What had also captured the Victorian imagination was the fear of infiltration by
Eastern Europeans, namely, Jewish Europeans. By 1882, 15 years before “Dracula” was published, 46,000 Jews lived in England, many having been chased out of Russia and Poland by antisemitic pogroms. Many Jewish merchants and bankers soon reached prominence in their fields, and their otherness became a threat to English cultural identity. In his landmark essay “Technologies of Monstrosity: Bram Stoker’s ‘Dracula’,” Jack Halberstam identifies vampires as “a race and family that weakens the stock of Englishness by passing on degeneracy and the disease of blood lust.”
Halberstam references an 1899 essay from The Spectator that configures Jews as “a parasitical race with no ideals beyond the precious metals.” In fiction, Dracula, a foreigner with a penchant for wealth hoarding, lives in a house so “neglected that yer might ‘ave smelled ole Jerusalem in it.” These dog-whistles are more like foghorns.
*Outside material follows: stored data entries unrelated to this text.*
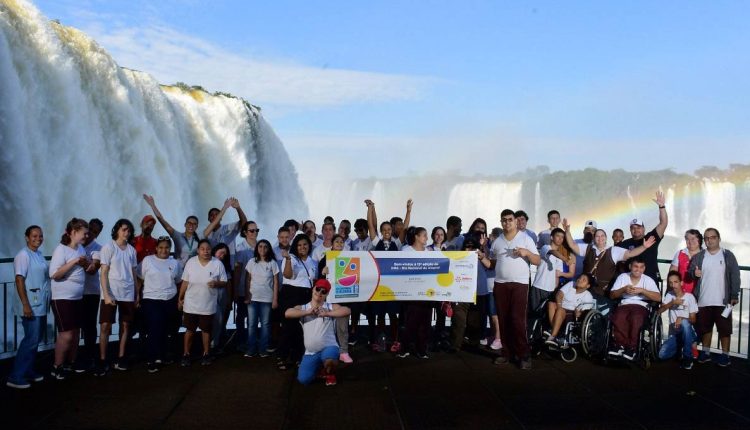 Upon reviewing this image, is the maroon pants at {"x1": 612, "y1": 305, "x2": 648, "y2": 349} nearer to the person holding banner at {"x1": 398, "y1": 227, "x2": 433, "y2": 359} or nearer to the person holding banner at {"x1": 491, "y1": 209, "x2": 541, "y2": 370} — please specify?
the person holding banner at {"x1": 491, "y1": 209, "x2": 541, "y2": 370}

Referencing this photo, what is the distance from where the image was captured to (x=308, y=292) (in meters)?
8.45

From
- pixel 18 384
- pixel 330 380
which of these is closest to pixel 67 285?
pixel 18 384

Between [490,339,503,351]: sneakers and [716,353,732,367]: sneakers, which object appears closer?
[716,353,732,367]: sneakers

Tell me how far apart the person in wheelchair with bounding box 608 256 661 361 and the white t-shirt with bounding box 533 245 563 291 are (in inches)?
34.1

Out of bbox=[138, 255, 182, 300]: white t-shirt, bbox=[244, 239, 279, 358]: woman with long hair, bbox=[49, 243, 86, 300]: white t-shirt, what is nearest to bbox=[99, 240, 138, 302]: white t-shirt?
bbox=[138, 255, 182, 300]: white t-shirt

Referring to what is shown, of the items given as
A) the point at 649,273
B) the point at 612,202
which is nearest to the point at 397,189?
the point at 612,202

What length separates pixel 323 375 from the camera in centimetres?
768

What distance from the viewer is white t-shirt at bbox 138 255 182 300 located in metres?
8.19

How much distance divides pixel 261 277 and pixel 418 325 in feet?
6.82

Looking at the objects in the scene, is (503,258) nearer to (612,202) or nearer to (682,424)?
(682,424)

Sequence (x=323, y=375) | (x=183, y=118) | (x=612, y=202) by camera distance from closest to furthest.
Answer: (x=323, y=375), (x=183, y=118), (x=612, y=202)

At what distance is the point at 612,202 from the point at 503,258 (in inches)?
2702

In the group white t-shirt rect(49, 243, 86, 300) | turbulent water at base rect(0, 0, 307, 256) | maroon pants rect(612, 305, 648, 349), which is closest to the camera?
white t-shirt rect(49, 243, 86, 300)

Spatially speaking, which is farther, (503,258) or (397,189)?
(397,189) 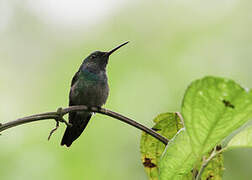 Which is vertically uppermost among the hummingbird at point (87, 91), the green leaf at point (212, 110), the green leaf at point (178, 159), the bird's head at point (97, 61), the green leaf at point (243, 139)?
the bird's head at point (97, 61)

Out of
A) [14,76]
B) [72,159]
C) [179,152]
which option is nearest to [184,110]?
[179,152]

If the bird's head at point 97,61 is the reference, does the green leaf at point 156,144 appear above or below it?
below

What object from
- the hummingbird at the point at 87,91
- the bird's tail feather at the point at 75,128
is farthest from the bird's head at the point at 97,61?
the bird's tail feather at the point at 75,128

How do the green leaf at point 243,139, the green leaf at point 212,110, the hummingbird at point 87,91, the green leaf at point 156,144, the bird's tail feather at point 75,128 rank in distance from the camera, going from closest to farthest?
the green leaf at point 212,110
the green leaf at point 243,139
the green leaf at point 156,144
the bird's tail feather at point 75,128
the hummingbird at point 87,91

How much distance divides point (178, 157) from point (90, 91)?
3126 millimetres

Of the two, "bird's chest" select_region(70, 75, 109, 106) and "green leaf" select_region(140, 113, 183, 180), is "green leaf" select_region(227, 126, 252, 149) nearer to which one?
"green leaf" select_region(140, 113, 183, 180)

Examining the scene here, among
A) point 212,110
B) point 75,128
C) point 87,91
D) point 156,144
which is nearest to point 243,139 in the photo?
point 212,110

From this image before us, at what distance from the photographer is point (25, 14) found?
26.8ft

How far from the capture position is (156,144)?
1.60 m

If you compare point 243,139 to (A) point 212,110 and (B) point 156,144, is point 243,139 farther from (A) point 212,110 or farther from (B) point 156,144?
(B) point 156,144

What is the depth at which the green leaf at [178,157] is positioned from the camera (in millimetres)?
1188

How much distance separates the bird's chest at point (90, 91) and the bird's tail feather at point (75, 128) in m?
0.16

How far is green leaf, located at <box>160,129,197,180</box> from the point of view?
1188 millimetres

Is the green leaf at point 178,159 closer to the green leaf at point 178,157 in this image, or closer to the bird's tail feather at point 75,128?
the green leaf at point 178,157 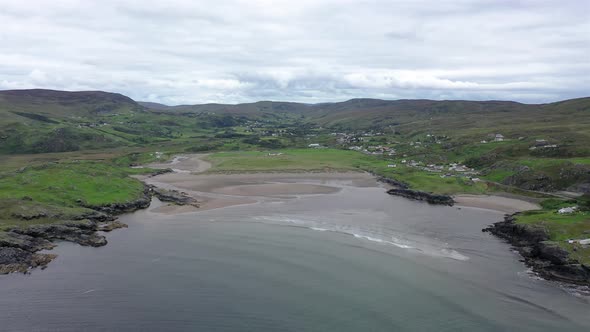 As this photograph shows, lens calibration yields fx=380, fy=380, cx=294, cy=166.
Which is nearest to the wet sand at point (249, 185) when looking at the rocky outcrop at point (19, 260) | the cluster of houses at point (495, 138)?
the rocky outcrop at point (19, 260)

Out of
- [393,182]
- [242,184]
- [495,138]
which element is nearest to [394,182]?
[393,182]

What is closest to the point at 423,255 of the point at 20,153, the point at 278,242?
the point at 278,242

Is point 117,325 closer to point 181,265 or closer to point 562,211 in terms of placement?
point 181,265

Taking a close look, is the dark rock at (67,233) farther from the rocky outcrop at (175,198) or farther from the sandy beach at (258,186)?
the rocky outcrop at (175,198)

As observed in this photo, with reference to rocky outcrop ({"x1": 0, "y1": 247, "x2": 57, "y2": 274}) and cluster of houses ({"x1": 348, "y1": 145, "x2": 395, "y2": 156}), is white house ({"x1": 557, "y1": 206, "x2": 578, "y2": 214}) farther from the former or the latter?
cluster of houses ({"x1": 348, "y1": 145, "x2": 395, "y2": 156})

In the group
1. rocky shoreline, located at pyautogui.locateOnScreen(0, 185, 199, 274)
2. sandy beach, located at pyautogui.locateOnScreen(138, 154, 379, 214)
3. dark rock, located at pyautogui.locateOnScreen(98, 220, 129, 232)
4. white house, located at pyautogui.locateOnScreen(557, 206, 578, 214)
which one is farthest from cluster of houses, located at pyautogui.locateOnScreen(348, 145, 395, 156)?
dark rock, located at pyautogui.locateOnScreen(98, 220, 129, 232) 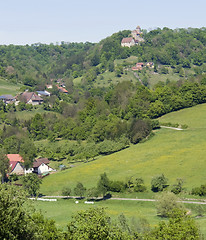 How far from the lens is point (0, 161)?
100500 mm

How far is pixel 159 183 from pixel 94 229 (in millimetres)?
50166

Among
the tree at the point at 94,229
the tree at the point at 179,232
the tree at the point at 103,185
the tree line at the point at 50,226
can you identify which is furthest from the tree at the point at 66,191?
the tree at the point at 94,229

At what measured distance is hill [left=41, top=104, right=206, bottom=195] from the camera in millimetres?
88625

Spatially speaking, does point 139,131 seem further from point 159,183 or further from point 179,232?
point 179,232

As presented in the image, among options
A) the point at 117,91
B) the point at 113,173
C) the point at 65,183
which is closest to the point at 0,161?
the point at 65,183

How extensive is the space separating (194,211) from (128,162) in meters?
36.1

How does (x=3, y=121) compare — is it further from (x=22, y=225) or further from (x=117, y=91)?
(x=22, y=225)

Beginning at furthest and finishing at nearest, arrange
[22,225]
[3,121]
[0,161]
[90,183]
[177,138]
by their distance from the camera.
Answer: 1. [3,121]
2. [177,138]
3. [0,161]
4. [90,183]
5. [22,225]

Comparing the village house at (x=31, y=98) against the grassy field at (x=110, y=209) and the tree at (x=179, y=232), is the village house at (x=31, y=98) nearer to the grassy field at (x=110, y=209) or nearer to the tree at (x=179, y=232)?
the grassy field at (x=110, y=209)

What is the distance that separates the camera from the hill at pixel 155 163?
88625mm

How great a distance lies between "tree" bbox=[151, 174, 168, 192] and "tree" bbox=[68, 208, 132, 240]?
4730 centimetres

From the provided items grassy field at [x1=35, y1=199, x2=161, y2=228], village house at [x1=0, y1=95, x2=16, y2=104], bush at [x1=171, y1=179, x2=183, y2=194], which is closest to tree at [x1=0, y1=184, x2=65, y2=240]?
grassy field at [x1=35, y1=199, x2=161, y2=228]

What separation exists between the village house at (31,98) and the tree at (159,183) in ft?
369

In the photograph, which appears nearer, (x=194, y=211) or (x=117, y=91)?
(x=194, y=211) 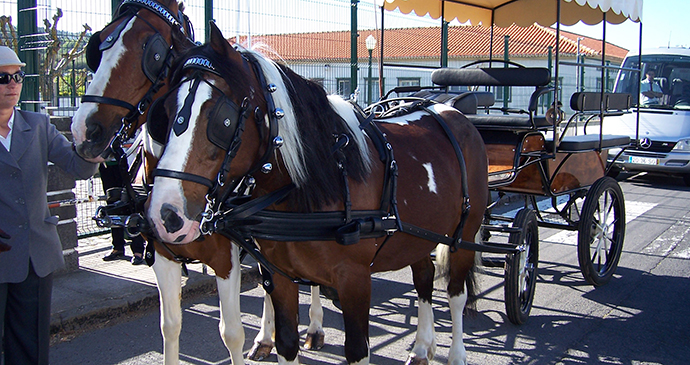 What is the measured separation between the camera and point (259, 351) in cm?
384

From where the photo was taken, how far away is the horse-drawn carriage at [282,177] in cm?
206

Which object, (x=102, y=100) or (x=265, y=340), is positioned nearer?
(x=102, y=100)

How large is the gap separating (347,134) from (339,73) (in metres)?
5.83

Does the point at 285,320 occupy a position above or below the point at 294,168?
below

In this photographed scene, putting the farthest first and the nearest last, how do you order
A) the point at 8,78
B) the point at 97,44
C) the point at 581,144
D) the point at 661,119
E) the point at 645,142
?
the point at 661,119, the point at 645,142, the point at 581,144, the point at 97,44, the point at 8,78

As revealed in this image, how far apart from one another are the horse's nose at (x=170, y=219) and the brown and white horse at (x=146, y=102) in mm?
949

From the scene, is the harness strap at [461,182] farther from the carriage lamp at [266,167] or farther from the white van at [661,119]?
the white van at [661,119]

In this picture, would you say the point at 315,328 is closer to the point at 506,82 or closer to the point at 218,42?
the point at 218,42

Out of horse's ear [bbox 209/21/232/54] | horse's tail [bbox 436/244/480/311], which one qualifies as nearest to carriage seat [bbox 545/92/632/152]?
horse's tail [bbox 436/244/480/311]

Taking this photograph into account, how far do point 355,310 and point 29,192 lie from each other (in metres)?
1.61

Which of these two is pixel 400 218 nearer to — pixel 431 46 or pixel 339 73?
A: pixel 339 73

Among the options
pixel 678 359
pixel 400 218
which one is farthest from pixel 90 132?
pixel 678 359

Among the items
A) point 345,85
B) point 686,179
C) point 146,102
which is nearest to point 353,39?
point 345,85

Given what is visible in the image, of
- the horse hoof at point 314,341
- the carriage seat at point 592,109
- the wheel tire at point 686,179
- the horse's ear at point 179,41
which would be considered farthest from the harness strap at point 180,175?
the wheel tire at point 686,179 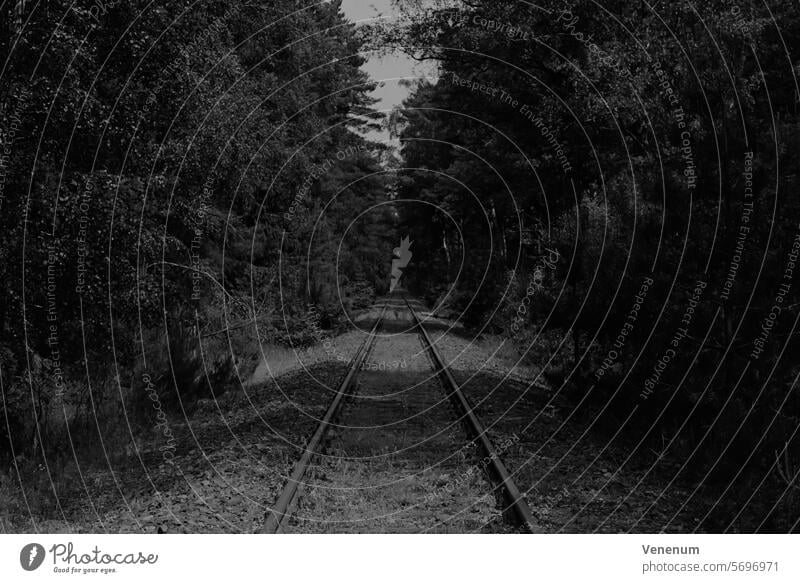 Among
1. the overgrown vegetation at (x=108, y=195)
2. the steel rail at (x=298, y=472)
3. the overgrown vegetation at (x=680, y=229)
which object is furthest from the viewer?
the overgrown vegetation at (x=108, y=195)

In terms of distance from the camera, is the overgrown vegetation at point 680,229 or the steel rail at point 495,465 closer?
the steel rail at point 495,465

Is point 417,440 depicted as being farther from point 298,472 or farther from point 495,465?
point 298,472

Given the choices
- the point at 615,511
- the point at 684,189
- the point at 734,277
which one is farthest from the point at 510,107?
the point at 615,511

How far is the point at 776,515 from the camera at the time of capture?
743 cm

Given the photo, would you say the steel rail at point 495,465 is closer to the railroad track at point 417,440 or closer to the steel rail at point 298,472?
the railroad track at point 417,440

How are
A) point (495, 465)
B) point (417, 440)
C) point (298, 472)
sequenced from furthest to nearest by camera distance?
point (417, 440)
point (495, 465)
point (298, 472)

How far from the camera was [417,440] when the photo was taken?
39.8 ft

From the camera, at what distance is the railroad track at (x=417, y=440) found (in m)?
8.00

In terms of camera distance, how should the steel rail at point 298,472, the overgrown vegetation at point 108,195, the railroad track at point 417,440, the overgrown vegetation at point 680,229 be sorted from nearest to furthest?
1. the steel rail at point 298,472
2. the railroad track at point 417,440
3. the overgrown vegetation at point 680,229
4. the overgrown vegetation at point 108,195

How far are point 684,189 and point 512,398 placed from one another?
657 centimetres

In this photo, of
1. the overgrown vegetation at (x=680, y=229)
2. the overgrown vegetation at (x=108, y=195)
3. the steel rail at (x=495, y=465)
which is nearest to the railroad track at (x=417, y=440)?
the steel rail at (x=495, y=465)

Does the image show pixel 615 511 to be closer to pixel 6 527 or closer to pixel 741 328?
pixel 741 328

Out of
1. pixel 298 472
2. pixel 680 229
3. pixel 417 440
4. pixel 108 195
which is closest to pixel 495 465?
pixel 298 472

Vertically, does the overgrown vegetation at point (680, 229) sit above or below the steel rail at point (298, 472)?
above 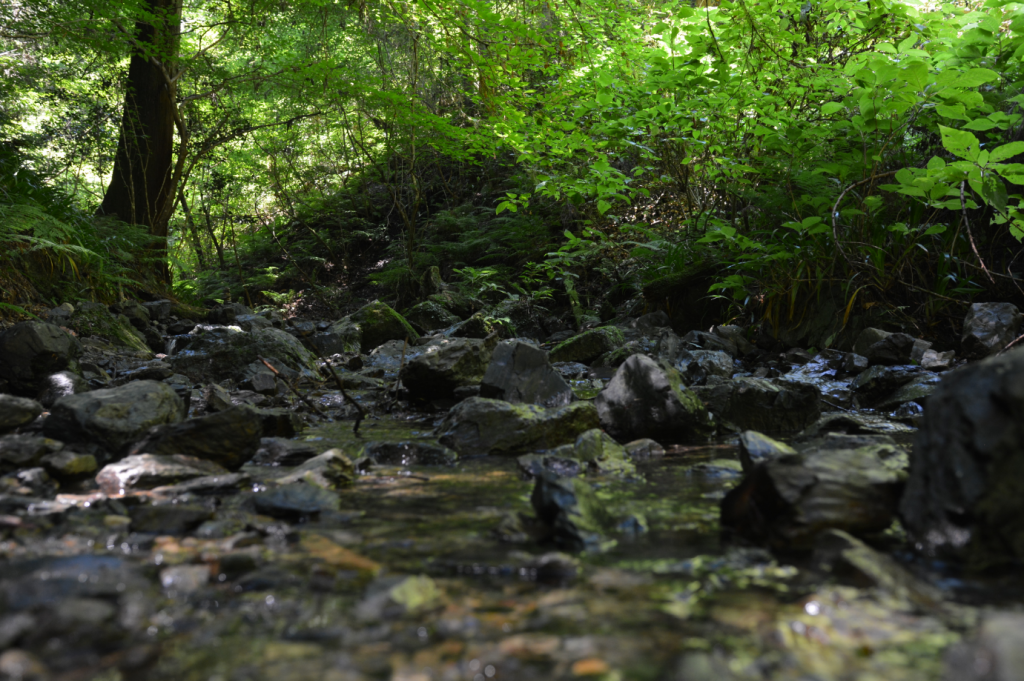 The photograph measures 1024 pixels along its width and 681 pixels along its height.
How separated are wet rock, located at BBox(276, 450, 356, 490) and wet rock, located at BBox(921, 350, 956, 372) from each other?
12.9 feet

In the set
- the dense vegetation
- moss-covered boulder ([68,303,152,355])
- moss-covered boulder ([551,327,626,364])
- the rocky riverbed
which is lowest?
the rocky riverbed

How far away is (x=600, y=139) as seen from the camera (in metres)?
7.03

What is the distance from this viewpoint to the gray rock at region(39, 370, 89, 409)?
378cm

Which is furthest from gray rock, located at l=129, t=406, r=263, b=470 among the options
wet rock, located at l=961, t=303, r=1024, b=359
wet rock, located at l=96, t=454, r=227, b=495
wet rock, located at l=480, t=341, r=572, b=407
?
wet rock, located at l=961, t=303, r=1024, b=359

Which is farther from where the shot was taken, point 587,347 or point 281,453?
point 587,347

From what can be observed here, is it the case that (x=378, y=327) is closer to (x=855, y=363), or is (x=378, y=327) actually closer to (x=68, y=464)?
(x=855, y=363)

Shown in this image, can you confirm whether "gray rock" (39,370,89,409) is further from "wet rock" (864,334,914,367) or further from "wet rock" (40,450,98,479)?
"wet rock" (864,334,914,367)

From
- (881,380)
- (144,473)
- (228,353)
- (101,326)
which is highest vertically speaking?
(101,326)

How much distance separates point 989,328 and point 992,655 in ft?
13.1

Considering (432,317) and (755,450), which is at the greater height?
(432,317)

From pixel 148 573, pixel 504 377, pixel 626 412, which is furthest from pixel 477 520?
pixel 504 377

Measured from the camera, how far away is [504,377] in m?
4.13

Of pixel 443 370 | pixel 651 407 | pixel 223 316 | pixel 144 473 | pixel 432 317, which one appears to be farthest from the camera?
pixel 432 317

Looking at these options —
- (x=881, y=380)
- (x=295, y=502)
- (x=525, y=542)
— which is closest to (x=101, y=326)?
(x=295, y=502)
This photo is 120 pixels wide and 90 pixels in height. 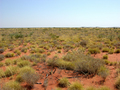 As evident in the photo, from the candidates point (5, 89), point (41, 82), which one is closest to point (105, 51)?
point (41, 82)

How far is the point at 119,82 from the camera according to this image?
12.4ft

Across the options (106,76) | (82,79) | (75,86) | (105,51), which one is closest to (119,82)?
(106,76)

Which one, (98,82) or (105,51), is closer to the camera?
(98,82)

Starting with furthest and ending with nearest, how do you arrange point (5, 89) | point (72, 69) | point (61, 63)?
point (61, 63) < point (72, 69) < point (5, 89)

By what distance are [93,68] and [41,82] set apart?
106 inches

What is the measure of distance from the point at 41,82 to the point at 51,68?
1432 mm

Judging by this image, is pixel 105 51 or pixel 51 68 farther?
pixel 105 51

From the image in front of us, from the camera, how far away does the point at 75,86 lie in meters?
3.60

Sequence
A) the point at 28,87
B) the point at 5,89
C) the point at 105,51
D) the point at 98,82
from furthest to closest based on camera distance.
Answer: the point at 105,51 < the point at 98,82 < the point at 28,87 < the point at 5,89

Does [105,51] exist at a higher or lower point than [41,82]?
higher

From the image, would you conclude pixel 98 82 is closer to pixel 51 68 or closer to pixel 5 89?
pixel 51 68

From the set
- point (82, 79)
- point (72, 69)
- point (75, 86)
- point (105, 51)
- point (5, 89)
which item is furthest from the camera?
point (105, 51)

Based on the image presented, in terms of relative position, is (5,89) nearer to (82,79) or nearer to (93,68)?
(82,79)

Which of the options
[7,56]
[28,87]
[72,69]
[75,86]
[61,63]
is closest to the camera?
[75,86] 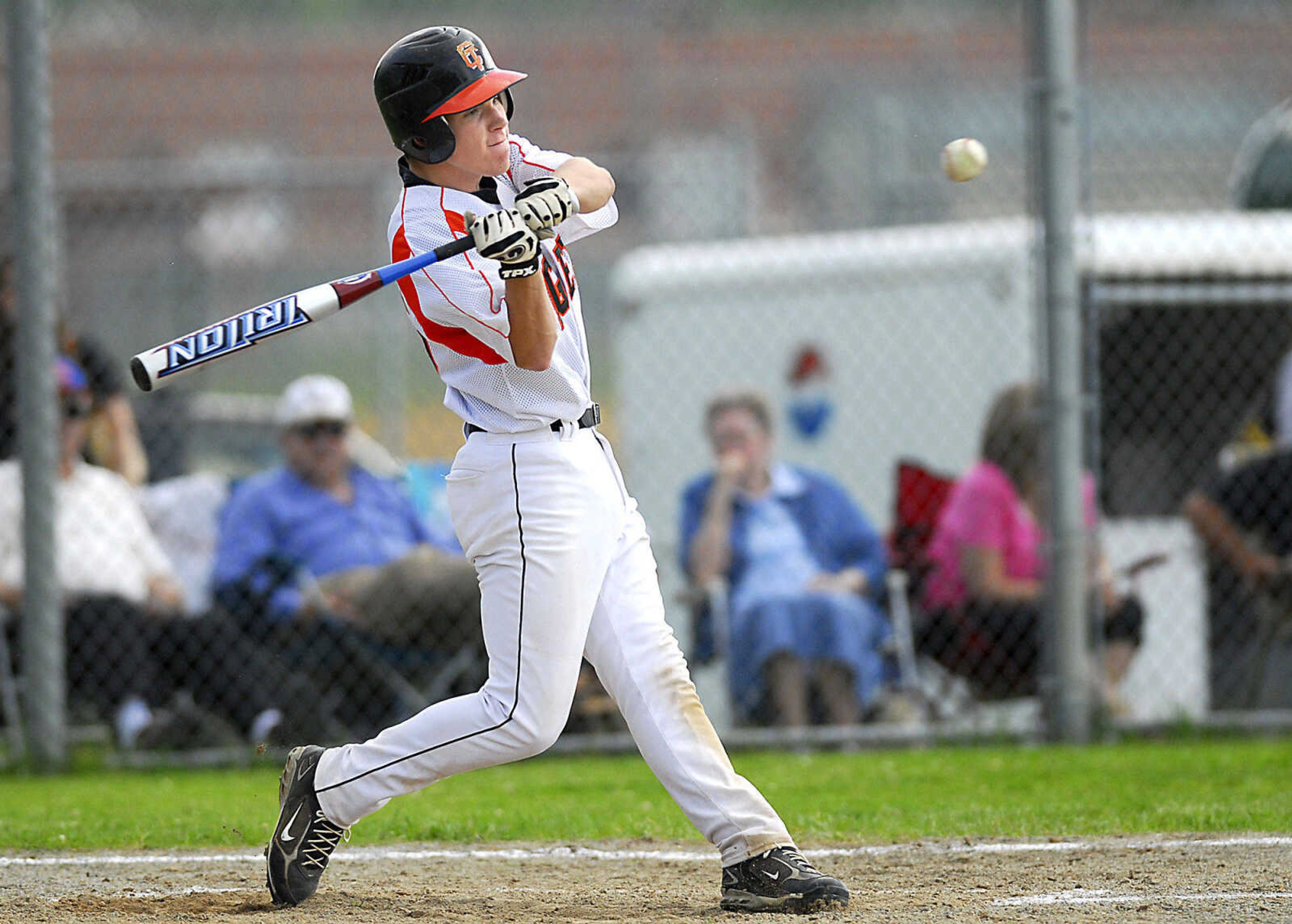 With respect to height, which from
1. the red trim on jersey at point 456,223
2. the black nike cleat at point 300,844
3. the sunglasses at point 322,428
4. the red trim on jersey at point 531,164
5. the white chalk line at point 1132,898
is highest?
the red trim on jersey at point 531,164

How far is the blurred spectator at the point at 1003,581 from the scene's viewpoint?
683cm

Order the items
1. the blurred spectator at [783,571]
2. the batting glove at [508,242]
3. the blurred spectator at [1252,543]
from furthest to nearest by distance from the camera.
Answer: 1. the blurred spectator at [1252,543]
2. the blurred spectator at [783,571]
3. the batting glove at [508,242]

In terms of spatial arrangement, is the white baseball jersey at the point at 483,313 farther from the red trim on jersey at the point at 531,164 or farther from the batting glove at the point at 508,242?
the batting glove at the point at 508,242

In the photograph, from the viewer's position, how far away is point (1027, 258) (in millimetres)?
7371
Halberstam recalls British histories of eugenics in noting that “racial stereotyping depends upon the visual.” The shape-shifting Count Dracula, in his various forms, is described as having “bushy hair,” ears “extremely pointed at the top,” “extraordinary pallor” and “a beaky nose[,] black mustache and pointed beard.” Dracula’s
nose gets a lot of attention; he is also described by a zookeeper as “a tall thin chap with a ‘ook nose.” These supposed cultural markers, as well as his degeneracy and obsessions with wealth, do more than enough to draw attention to Stoker’s situating of the vampire as a metaphor for the Jewish outsider.